Miguel A. Román | 12 de enero de 2008

Comentarios

  1. Francisco
    2008-01-12 19:52

    Que excelente articulo.

    Y si los puristas le ponen algun pero … que beban aceite puro de girasol. Jolines!

  2. Merche
    2008-01-12 23:21

    Pues mire usted, yo la he hecho siempre con aceite de oliva, y así seguiré :)

    Gracias por contarnos la preciosa historia de la exquisita salsa mahonesa. ¡Todo un placer!

  3. Rosie
    2008-01-14 13:52

    A mi la única que me gusta es la hecha con aceite de oliva, yema de huevo (sin clara) y sal únicamente, y hecha a mano (sin turmix) como me enseñó mi madre. Utilizo aceite de oliva suave, pero aún así las reacciones de mis invitados se pueden dividir en grandes grupos:
    a) no habían probado cosa mas rica y/o les recuerda sabores de infancia. Lo intentan en casa pero pocos perseveran, si no estas acostumbrado te queda el brazo dolorido.
    b) no les gusta, simplemente les parece demasiado fuerte, demasiado “aceitosa”, etc. Algunos incluso me dicen que no parece mahonesa…
    Hay pocos terminos medios…

  4. Miguel A. Román
    2008-01-14 22:15

    Gracias, Rosie y Merche, me devolvéis la fe en el género humano.

    Confieso que hace más de dos décadas que el único brazo con el que hago mahonesa no es el que cuelga de mi hombro sino el que tiene cuchillas intercambiables. Cuando era estudiante y la cocina era más una cuestión de supervivencia que de lujuria aprendí a hacerla batiendo con doble tenedor en plato hondo y un hilillo de aceite cayendo desde la alcuza.

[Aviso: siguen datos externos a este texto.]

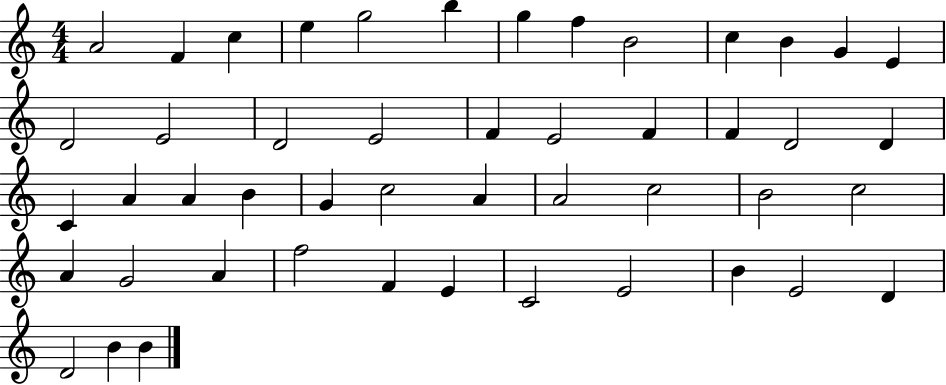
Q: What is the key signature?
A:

    Recuerdo que se le ponían unas gotitas de limón, decían que por higiene, y también que las chicas que tenían la regla tenían terminantemente prohibido acercarse al altar so pena de arruinar la transustanciación. Por supuesto que sabíamos que era una superstición, pero bastante delicado era el proceso de por sí para añadir riesgos innecesarios.

    Creo que un día de estos me animo y vuelvo a intentar una mahonesa a muñeca.

  5. Rosie
    2008-01-14 22:50

    Miguel, quizás será pura superstición, pero te paso mi truquillo. Un vaso o bol de tamaño medio, y el mango de una cuchara de madera. El vaso tiene que quedar fijo, y a menos que tengas un voluntario que te lo sostenga, el truco es tenerlo quieto con uno de los cajones de la cocina (y un trapo, no sea que te cargues el vaso). Se empieza con la yema y muy poco aceite, practicamente gotas, para que se trabe. Poco a poco le vas tirando un hilillo mas continuo de aceite. Y paciencia… no hay mas. A veces tengo que echar unas gotitas de agua porque queda muy ligada. La sal al final porque acaba de espesar. Si se corta, dejarlo y empezar de nuevo con otra yema, y una vez ligada, se puede echar poco a poco la mahonesa cortada como si fuera aceite y rezar… Suerte.